Talking to Business Recorder, one of the sugar industry players said there was a harrowing fall in the price of sugar due to a glut-like situation in the country during the past several years and the industry was not in a position to recover its cost of production that is why a number of mills were sold. As a consequence, the crushing season 2018-19 also started late in December due to carryover stocks and in the absence of any mechanism to dispose of the surplus stocks of sugar.
He said the industry remained engaged with the government as it was not possible to buy sugarcane from the growers at the support of Rs 180/40 kg at that time when sugar price was at a level of Rs 50/51 per kg.

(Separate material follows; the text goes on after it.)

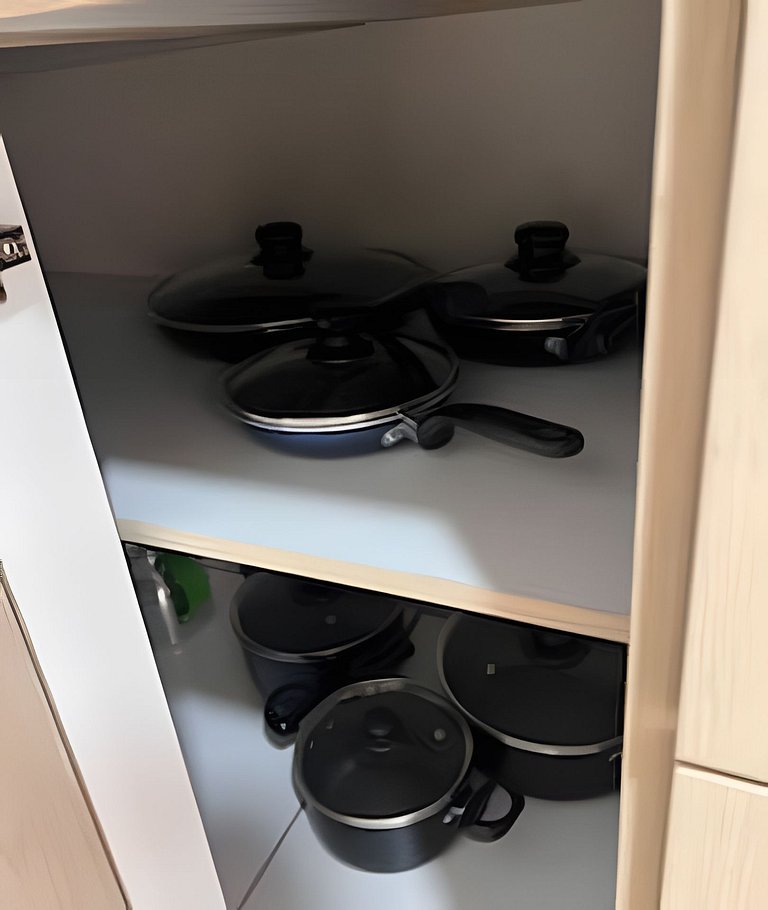 403 Cómodo y lindo apartamento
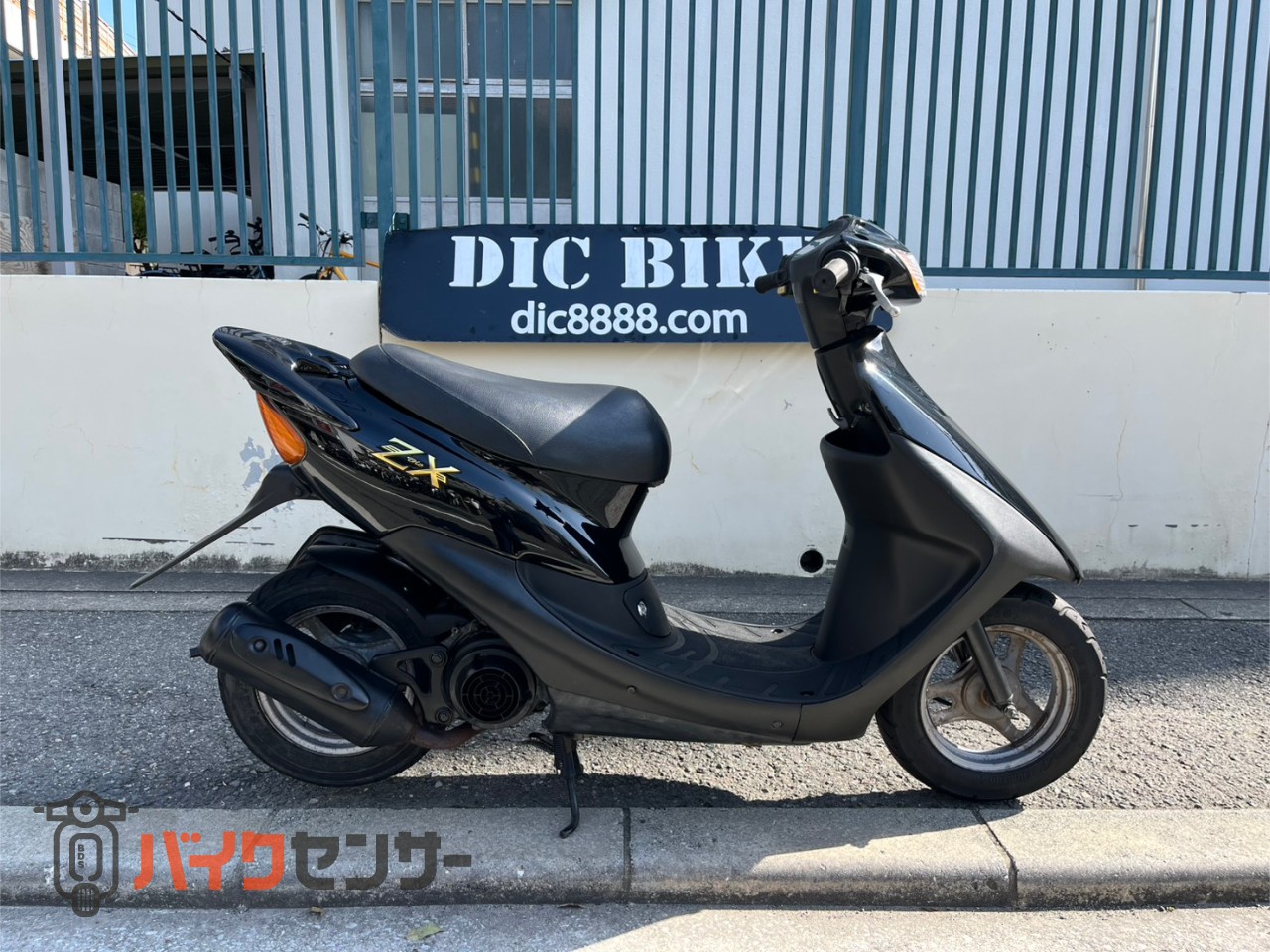 ホンダ DIO ZX B660058| BDSバイクセンサー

The government having realised the gravity of situation and to mitigate the plight of the growers allowed export for the disposal of surplus sugar from the country and to facilitate this approval, province of Punjab also allowed export subsidy of Rs 5.35 per kg on the cascading mechanism basis so that price of sugar which had fallen below the break-even level could get stabilised in the interest of the growers and their payments in view of the international sugar prices.
Replying to a question, he said sugar industry has time and again reiterated that its cost of production based on the support price of Rs 180/40kg comes closer to 63/kg with the previously notified rate of sales tax. With the disposal of surplus, the domestic sugar market stabilised and industry was able to pay up to Rs 225-230/40 kg to the growers during the crushing season and the industry average was around 190-195/40kg and resultantly the average break-even with other cost push factors and interest/financial costs has considerably increased for this season. The Chief Minister of Punjab has also acknowledged the fact that almost all payments to sugarcane growers have been made for the current crushing season which was became only possible because of the stability in sugar price.
With the increase in sales tax rate, price will escalate further. However, ever since the budget has been announced on June 11, 2019 there is a downward trend in the market by almost two/three rupees per kg as the dealers have started taking delivery of the sold unlifted stocks and the availability in the market is in abundance. Sugar millers are obliged to deliver according to the demand and delivery instructions of the buyers/dealers, he added.
Answering another question, he said sugar is produced in 100-120 days crushing season and sold throughout the year therefore at any given point of time there will be stock in the godowns of sold/unsold quantity. Therefore, assuming that the sugar mills are hoarding stocks is a sheer fallacy. The industry is and remains tax compliant and in general all assumptions against the industry are based on hearsay, he said.